→ DATA PROVIDED:
---*---

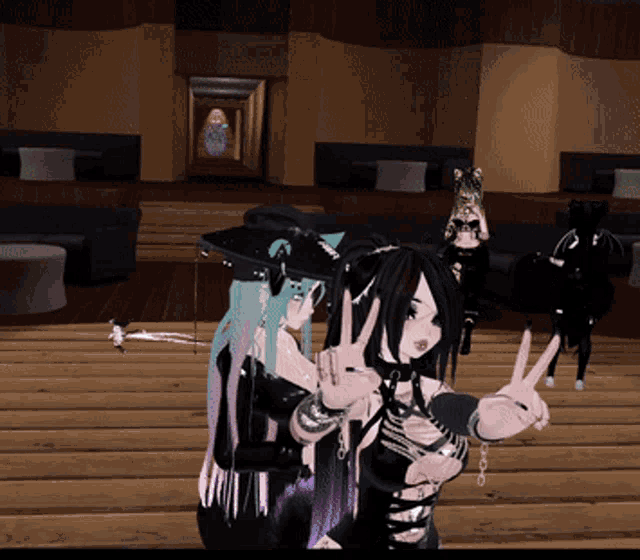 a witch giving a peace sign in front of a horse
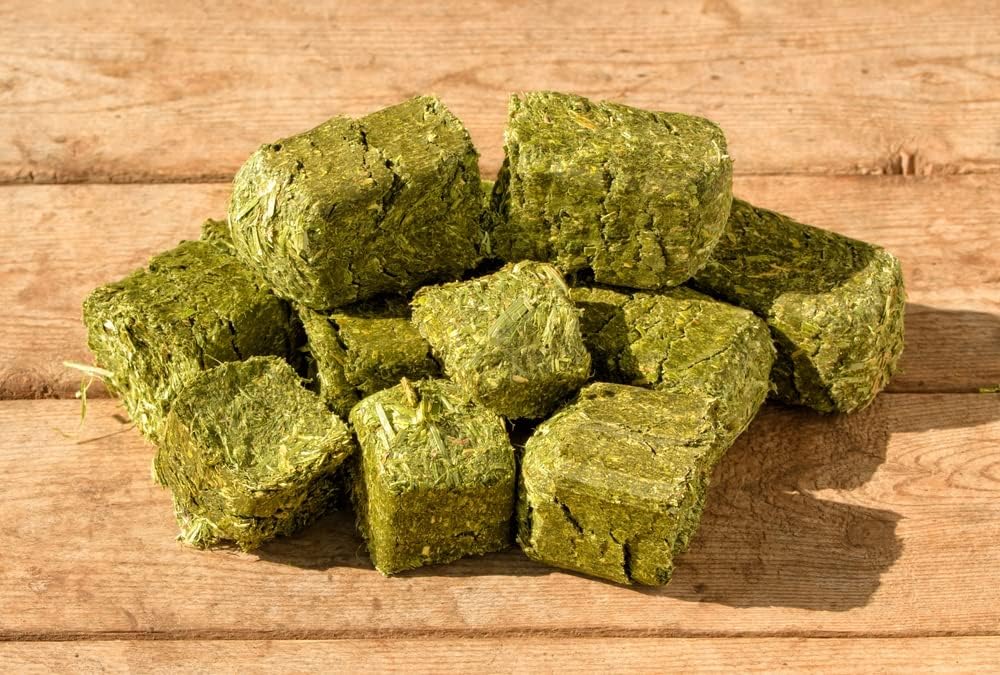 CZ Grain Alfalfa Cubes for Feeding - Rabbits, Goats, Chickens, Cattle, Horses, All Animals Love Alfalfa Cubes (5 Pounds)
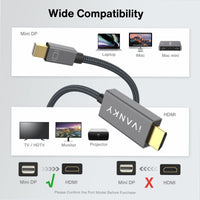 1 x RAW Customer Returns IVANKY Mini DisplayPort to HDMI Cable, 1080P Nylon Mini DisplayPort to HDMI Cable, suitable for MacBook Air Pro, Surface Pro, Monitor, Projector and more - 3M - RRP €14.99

---*---

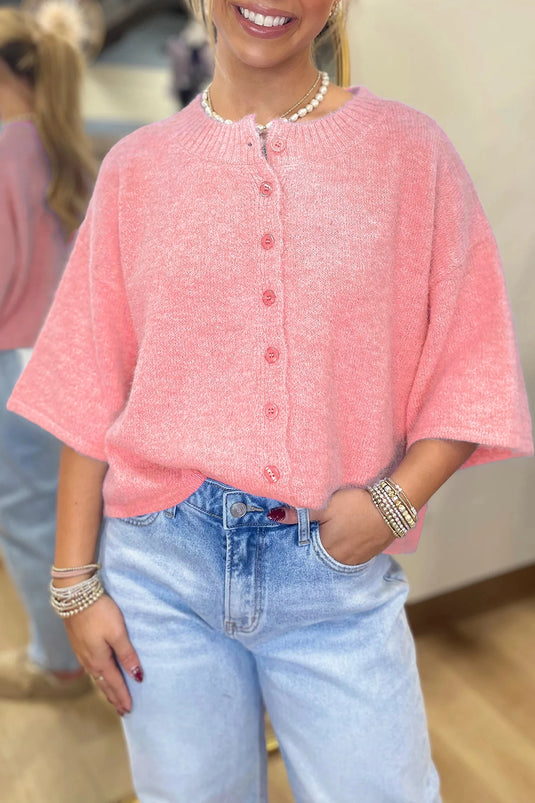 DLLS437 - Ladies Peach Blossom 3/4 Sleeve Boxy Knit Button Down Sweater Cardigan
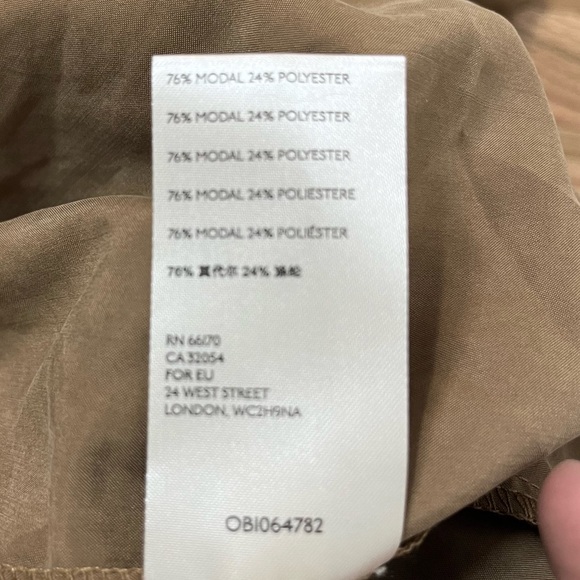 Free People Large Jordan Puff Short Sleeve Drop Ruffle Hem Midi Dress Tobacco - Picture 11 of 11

---*---

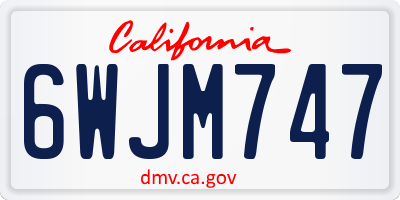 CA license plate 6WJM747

---*---

→ EXERCISE: Both boundary lines included, write out word for word only the lines above from the one containing "a witch giving" to the one containing "1 x RAW Customer", leaving out any pictures.

→ ANSWER AREA:
 a witch giving a peace sign in front of a horse
 CZ Grain Alfalfa Cubes for Feeding - Rabbits, Goats, Chickens, Cattle, Horses, All Animals Love Alfalfa Cubes (5 Pounds)
 1 x RAW Customer Returns IVANKY Mini DisplayPort to HDMI Cable, 1080P Nylon Mini DisplayPort to HDMI Cable, suitable for MacBook Air Pro, Surface Pro, Monitor, Projector and more - 3M - RRP €14.99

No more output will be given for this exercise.